Sunday 12th May 2019
This would be only my second ever walk in the Blackdown Hills AoNB. Both walks have been events led and created by Brunel Walking Group, where I have simply followed along and observed… Even though I probably live closer to this portion of Somerset than ninety-nine per cent of our club’s membership!
A chance to bag a trig, reach the highest point and explore paths that I would otherwise ignore. I made the drive down solo, straight from my home in Weston-super-Mare.
We would meet at the Staple Hill Plantation car park (free to use – ST 246 159) and begin the walk from there. It was quite a warm day, as I recall. I believe I would also equip my gaiters, in case we were to breach any wet patches, being in rural and unexplored Somerset.
I was pleased to find so many bluebells around the woodland, where people across social media had otherwise been reporting on how this beautiful aspect of spring had already departed for another year.
We began somewhere around 230m above sea level in elevation and, when a view presented itself, I’d like to say that we were staring the the southern edge of the Quantock Hills – another AoNB that I do visit frequently and know very well. But I could not be certain then and I cannot now.
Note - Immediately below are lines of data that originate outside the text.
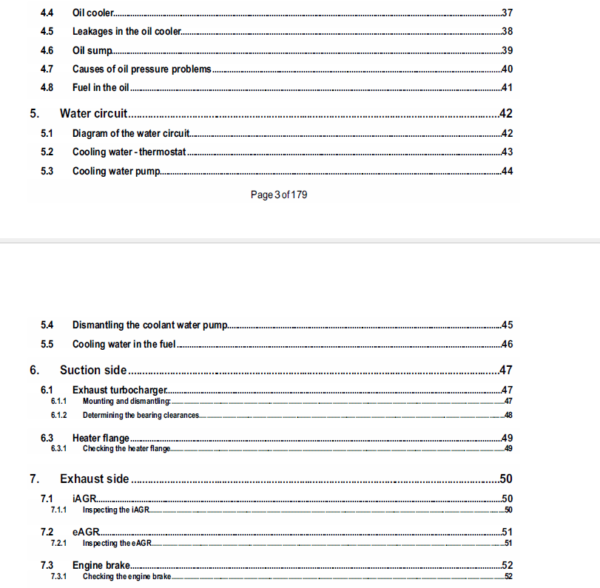 Liebherr Diesel Engine D934 D936 Service Manual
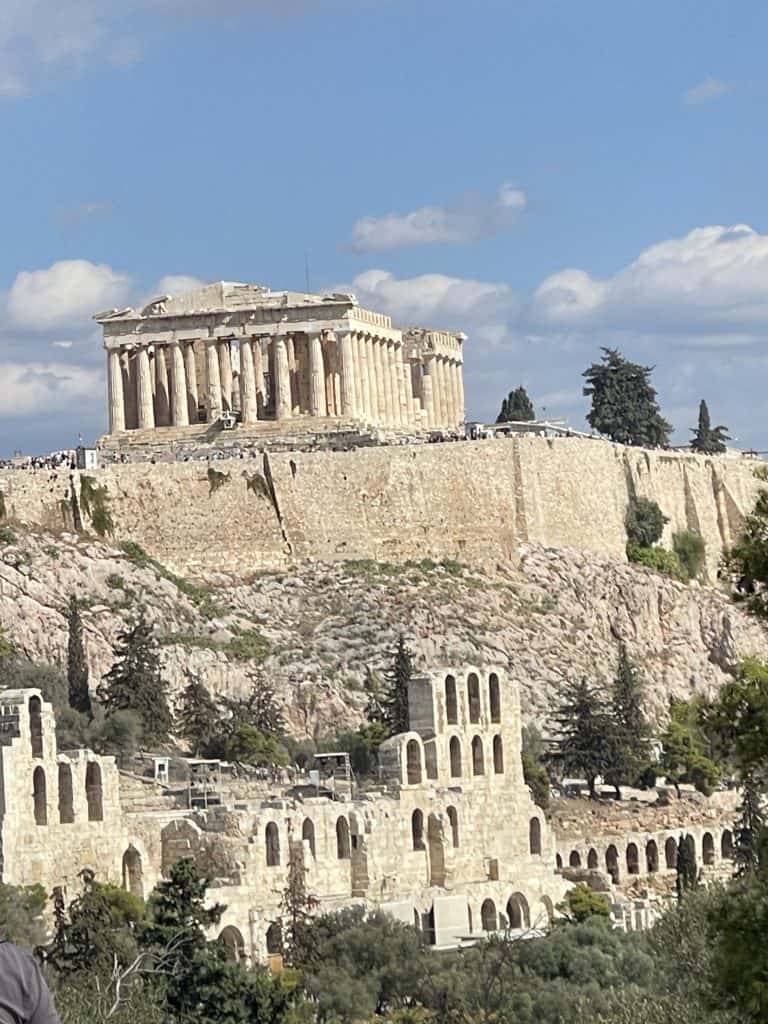 vista sul partenone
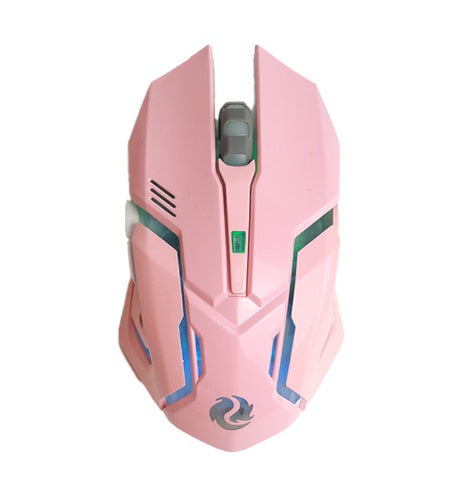 Souris Gaming Sans Fil RGB – Recharge USB + Clics Silencieux | Haute Précision & Design Futuriste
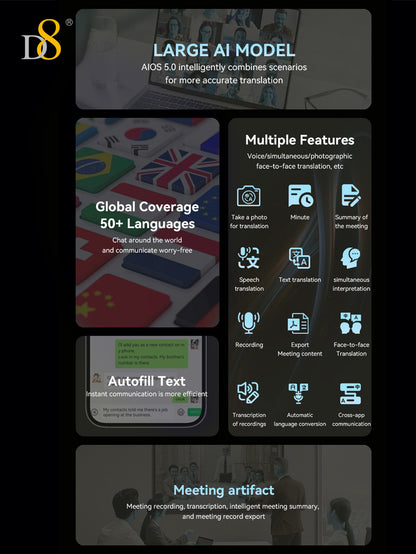 D8 AI Translator Recorder – Real-Time Translation & Voice Recording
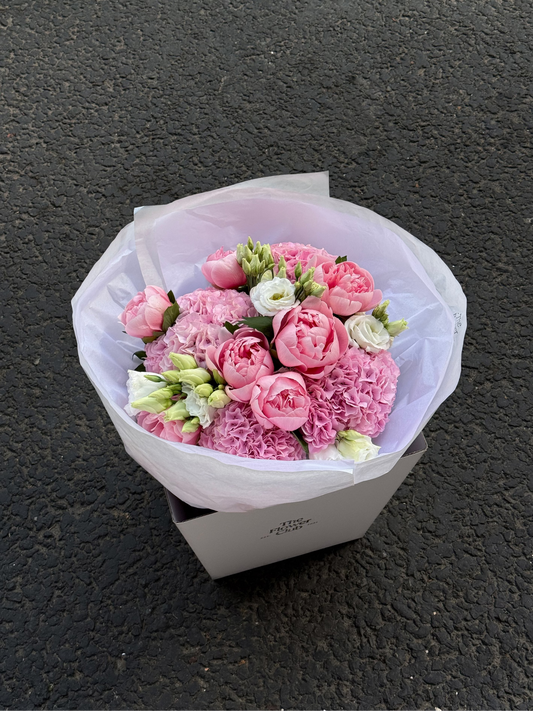 Soft Romance -  Peonies & Hydrangea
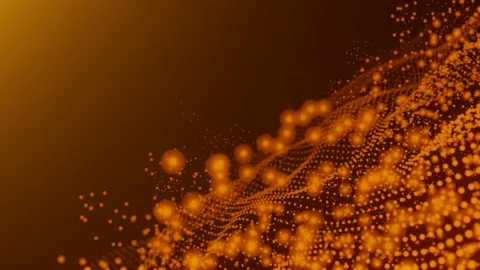 Abstract technology dynamic background. Many dots in motion.  Modern backdrop. Stock Footage 171669803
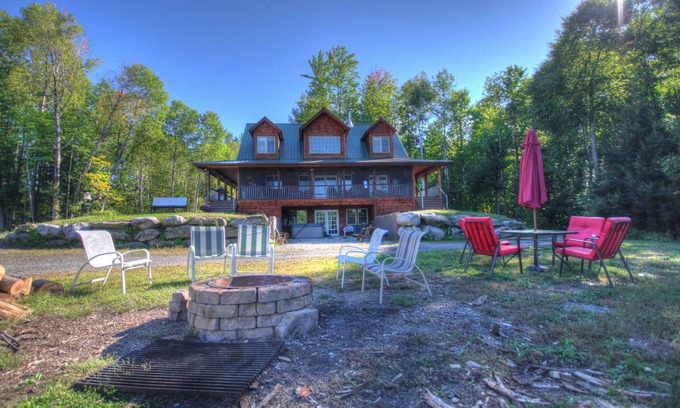 Town of Hebron House | adirondack style all season lodge/resort on a natural glacier pond
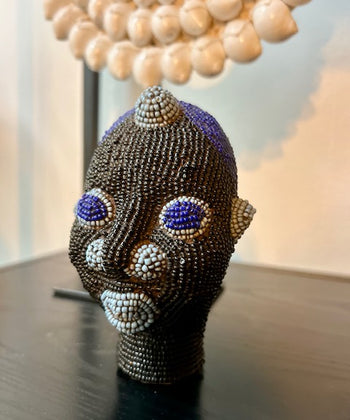 Beeldje Afrikaans kralenhoofd 4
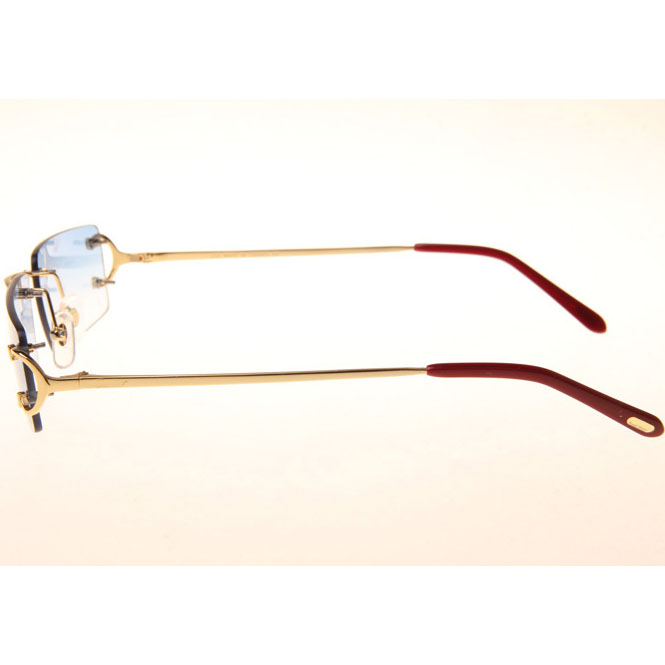 Cartier CT 4193830 Sunglasses In Gold Gradient Blue - FashionPlug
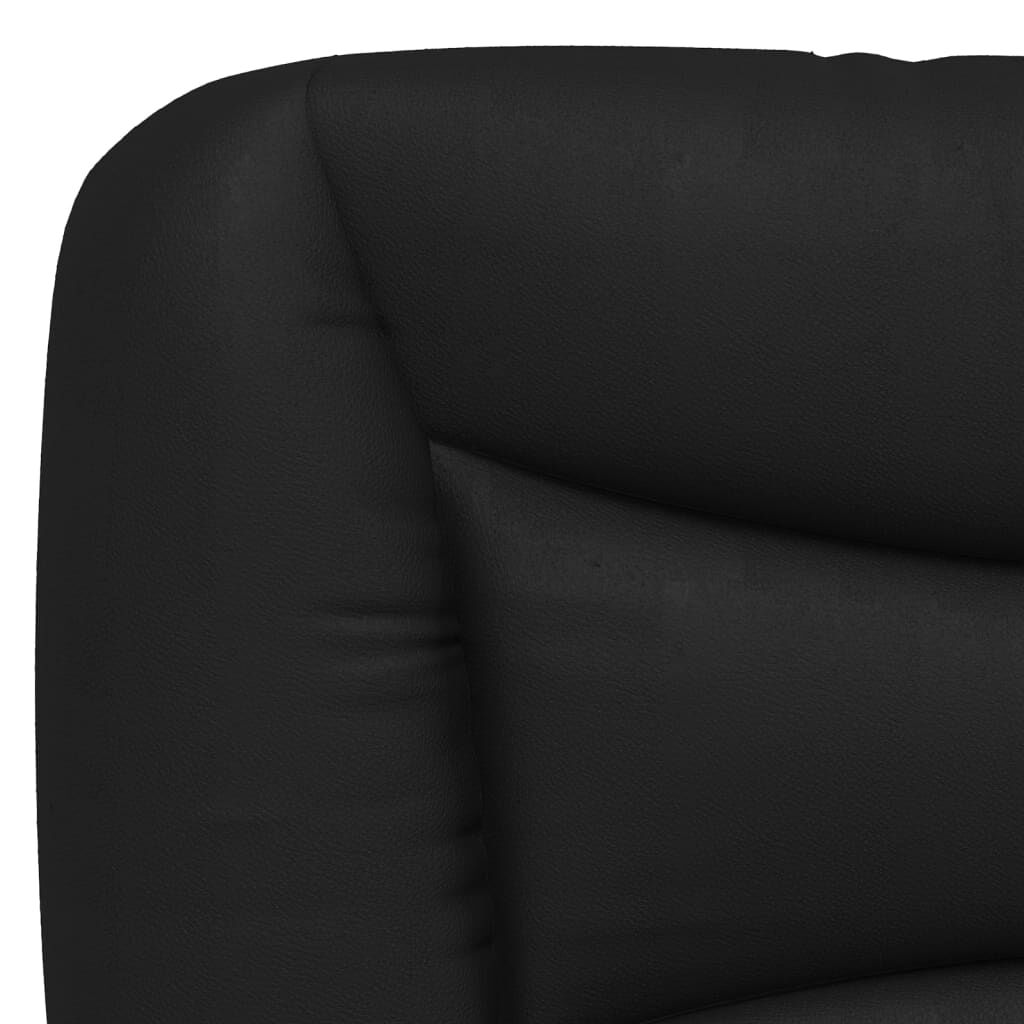 vidaXL Πλαίσιο Κρεβατιού με Κεφαλάρι Μαύρο 180x200 εκ. Συνθετικό Δέρμα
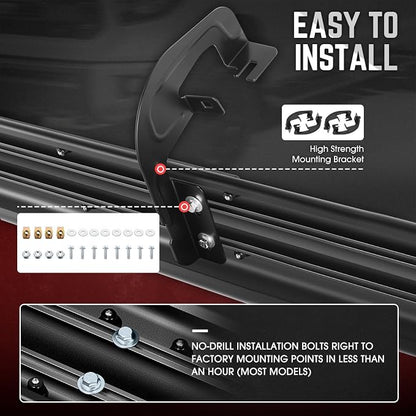 DNA Motoring 6 Inch Wide Flat Running Boards Side Step Bars Compatible with 2007-2018 Chevy Silverado GMC Sierra 1500/2007-2019 Silverado Sierra 2500HD 3500HD Standard Cab, STEPB-A-0003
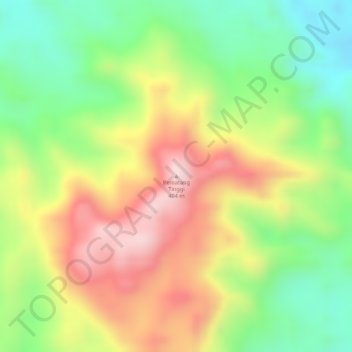 Pematang Tinggi topographic map, elevation, terrain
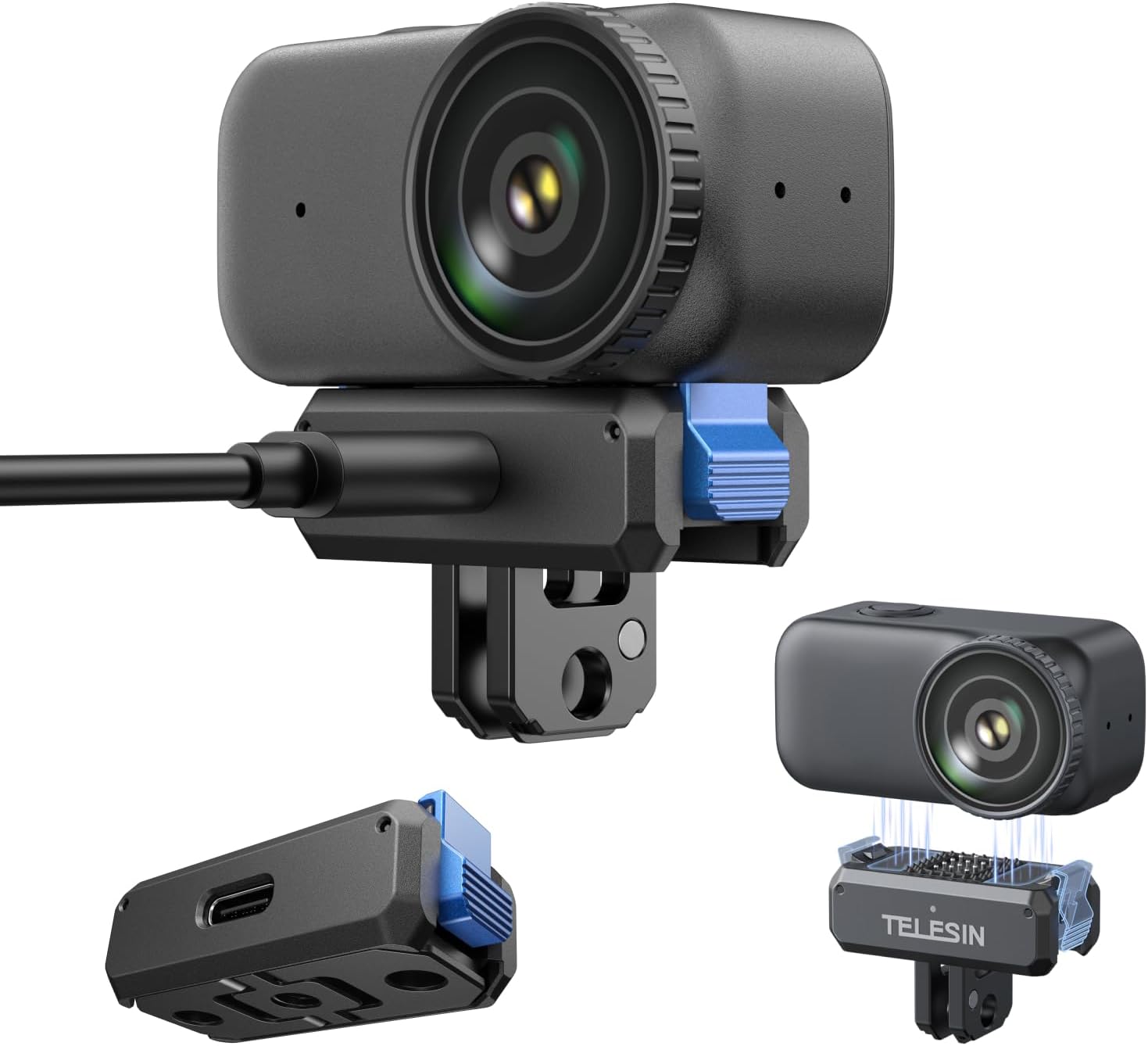 Detalle de TELESIN Magnetic Quick Release Adapter for DJI Osmo Nano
All I can promise is that Somerset is not nearly as flat and featureless as some ‘outsiders’ may expect.
Having sacrificed some of our early elevation, we’d have to climb to reach the first viewpoint (and snack stop) at Castle Neroche.
Unfortunately, there’s no actual castle here… It is the site of a former motte and bailey. Taking a guess… I’d say that we were looking south, possibly south-eastward from this vantage point; across the Blackdown Hills and towards Devon.
I could be wrong!
A shady path through the woods would keep us cool beyond our stop.
I should mention that we were following the Staple Fitzpaine Herepath Trail on this day. One of those trails of reasonable-distance and not a million miles from home that I’d never encountered before. Our walk was stated as being 14 miles in the length, while the link above suggests the circular trail is only 13.5 miles long.
Further views of those hills. I find it hard now to believe that they might’ve been the Quantocks, as both the M5 motorway and Taunton would have to exist in the foreground.
Our second lunch stop was at the edge of a field (not pictured) with some shade from the line of trees overhead. We were almost sat along the right of way and I remember a horse rider (with a nervous steed) having to negotiate our line of seating.
By this time, following the Herepath in an anti-clockwise circuit, we had still yet to bag the trig pillar on the highest point in this AoNB… This meant heading uphill!
I wanted to believe that this view was pointing towards the familiar Mendip Hills… But again, I cannot be absolutely certain.
We were almost back at the cars when Jenny led us off and away from the blatant path and in to the plantation, trusting in her GPS device…
In a bit of a team effort (everyone spread out, eyes open…) we found the Staple Hill trig point sitting 315m above sea level – that’s only 10m lower than the highest point on the Mendips.
You’ll have to use your imagination and pretend that the surrounding woodland did not exist seventy or eighty years ago, when this concrete pillar was probably installed and surveying the landscape from this location would’ve made greater sense.
Given the option of choosing from two paths on our return to the car, no-one voted for the easiest paths.
‘A Slice of Neroche’ [non-edible] was an interesting feature that you don’t see very often at all. Detailing the layers that sit beneath this landscape.
This, along with another viewpoint, made for a satisfying end to the day’s walk. Some opted to stop off at the local pub in Staple Fitzpaine, while I decided to head straight home in preparation for another early start at work the next morning.